(Web page caption snippets)
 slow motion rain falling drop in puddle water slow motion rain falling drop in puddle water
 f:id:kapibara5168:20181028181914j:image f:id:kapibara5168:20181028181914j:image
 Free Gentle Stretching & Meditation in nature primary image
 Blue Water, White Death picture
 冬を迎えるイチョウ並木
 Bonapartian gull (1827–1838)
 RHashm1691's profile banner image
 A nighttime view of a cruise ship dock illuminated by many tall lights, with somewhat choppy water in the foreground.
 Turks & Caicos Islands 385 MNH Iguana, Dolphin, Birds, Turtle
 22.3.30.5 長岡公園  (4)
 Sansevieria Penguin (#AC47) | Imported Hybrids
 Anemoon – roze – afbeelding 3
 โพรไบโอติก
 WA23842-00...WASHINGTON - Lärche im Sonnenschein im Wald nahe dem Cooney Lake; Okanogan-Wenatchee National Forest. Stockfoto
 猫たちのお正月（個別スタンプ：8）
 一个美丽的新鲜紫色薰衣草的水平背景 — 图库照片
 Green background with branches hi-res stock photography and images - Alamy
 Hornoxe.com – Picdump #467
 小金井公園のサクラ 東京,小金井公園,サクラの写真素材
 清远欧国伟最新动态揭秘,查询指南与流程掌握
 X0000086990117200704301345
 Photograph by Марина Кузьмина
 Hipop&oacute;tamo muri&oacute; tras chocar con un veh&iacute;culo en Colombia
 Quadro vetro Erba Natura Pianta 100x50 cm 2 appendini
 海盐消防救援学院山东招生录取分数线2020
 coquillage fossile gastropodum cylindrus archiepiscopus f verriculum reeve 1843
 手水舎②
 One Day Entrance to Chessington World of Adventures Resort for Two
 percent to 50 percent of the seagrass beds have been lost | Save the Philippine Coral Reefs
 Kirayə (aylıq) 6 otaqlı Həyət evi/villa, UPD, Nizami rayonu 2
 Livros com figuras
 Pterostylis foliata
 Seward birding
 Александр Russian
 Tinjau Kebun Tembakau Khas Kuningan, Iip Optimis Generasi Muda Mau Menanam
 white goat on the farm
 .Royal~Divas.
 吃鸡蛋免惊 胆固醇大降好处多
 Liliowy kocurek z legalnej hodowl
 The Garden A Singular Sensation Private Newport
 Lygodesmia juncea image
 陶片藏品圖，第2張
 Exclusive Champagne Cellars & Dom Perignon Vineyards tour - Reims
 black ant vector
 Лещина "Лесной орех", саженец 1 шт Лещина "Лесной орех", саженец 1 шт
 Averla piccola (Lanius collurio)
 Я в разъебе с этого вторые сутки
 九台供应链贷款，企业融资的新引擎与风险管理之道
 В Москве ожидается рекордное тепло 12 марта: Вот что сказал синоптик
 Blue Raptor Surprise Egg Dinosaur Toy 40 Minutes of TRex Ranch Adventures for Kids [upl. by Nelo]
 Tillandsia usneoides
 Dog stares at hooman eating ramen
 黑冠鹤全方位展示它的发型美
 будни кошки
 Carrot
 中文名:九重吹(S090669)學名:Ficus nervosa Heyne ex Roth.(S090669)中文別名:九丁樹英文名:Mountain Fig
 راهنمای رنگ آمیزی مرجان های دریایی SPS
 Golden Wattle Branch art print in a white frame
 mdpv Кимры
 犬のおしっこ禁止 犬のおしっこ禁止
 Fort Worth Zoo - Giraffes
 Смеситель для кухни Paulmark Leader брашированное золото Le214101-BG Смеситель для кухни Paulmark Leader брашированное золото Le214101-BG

- _PROBLEM TO SOLVE_: For the string "Blue", search the preceding data and copy every line that includes it.

- _WRITTEN REPLY_:
 Blue Water, White Death picture
 Blue Raptor Surprise Egg Dinosaur Toy 40 Minutes of TRex Ranch Adventures for Kids [upl. by Nelo]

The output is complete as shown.